How Good is the Sudan and South Sudan Deal?
Last Thursday, Sudanese President Omar al-Bashir and South Sudanese President Salva Kiir signed a series of agreements addressing issues that have at times this year brought the two countries to the brink of war.
The agreements are the culmination of months of talks and a one-day presidential summit that turned into four. The current deal allows for oil production to resume, creates a demilitarized zone along the border and opens the border up to trade. However, despite progress made by both sides, this is far from the comprehensive peace agreement that is needed.
There is no doubt that this deal is significant. An agreement on security issues, specifically the demilitarized zone, was a prerequisite for the signing of the provisional oil agreement reached in August. A resumption of oil production in South Sudan, shutdown since January as a result of a dispute over oil fees, is vital to the economic survival of both countries.

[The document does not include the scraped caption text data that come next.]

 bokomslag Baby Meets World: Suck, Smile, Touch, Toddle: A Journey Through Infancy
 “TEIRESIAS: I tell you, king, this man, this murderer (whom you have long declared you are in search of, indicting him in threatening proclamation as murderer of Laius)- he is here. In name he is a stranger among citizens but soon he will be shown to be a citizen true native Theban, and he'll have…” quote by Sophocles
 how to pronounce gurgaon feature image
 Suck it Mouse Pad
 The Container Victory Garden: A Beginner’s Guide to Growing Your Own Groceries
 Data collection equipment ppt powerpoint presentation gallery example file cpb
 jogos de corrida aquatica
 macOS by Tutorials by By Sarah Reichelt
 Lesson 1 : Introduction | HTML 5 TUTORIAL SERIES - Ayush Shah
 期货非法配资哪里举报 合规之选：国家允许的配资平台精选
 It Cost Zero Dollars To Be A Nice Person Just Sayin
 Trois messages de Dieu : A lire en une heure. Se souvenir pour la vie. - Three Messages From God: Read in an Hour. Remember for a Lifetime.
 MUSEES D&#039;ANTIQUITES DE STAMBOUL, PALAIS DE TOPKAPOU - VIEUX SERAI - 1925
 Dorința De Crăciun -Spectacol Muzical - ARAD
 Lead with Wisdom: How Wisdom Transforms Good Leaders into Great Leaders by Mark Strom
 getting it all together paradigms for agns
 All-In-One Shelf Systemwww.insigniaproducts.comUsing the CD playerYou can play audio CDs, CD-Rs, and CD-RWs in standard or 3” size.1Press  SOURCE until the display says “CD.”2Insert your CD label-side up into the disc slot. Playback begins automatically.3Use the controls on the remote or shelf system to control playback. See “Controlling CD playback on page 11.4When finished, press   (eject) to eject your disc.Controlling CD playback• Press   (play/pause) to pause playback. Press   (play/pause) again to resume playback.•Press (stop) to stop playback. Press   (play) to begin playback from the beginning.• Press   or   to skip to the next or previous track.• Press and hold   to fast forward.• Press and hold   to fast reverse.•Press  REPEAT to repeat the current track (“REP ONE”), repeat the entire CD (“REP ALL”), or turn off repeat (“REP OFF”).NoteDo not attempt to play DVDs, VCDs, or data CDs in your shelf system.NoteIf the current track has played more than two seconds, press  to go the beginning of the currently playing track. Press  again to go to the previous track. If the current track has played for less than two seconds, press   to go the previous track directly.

While resumption of any substantial levels of oil production can be expected to take months to a year, the effects of the deal on the price of food and basic necessities in Sudan and South Sudan where the shutdown has caused hyperinflation should be apparent quickly.
In the past, Sudan and South Sudan have signed any number of agreements that failed to be implemented and while much can happen to derail the process in the months it will take to restart production, it is a step back from the brink of conflict between the two countries. Once resumed, the international pressure to keep the oil pumping should prevent both sides from threatening to turn off the spigots.
Nevertheless, this is not yet the dawn of a new day in Sudan/South Sudan relations. In a recent post we drew attention to the fact that any deal that fails to address the situation in South Kordofan and Blue Nile will be hollow and fragile.
The deal not only failed to address the humanitarian crisis but it failed to achieve consensus on border demarcation or ownership of the contested Abyei region. In fact, as the deal was being signed in Addis Ababa, Sudan was bombing South Kordofan state. With such violence continuing and critical issues still left unresolved, last week’s deal shows limited progress that is motivated by economic self-interest.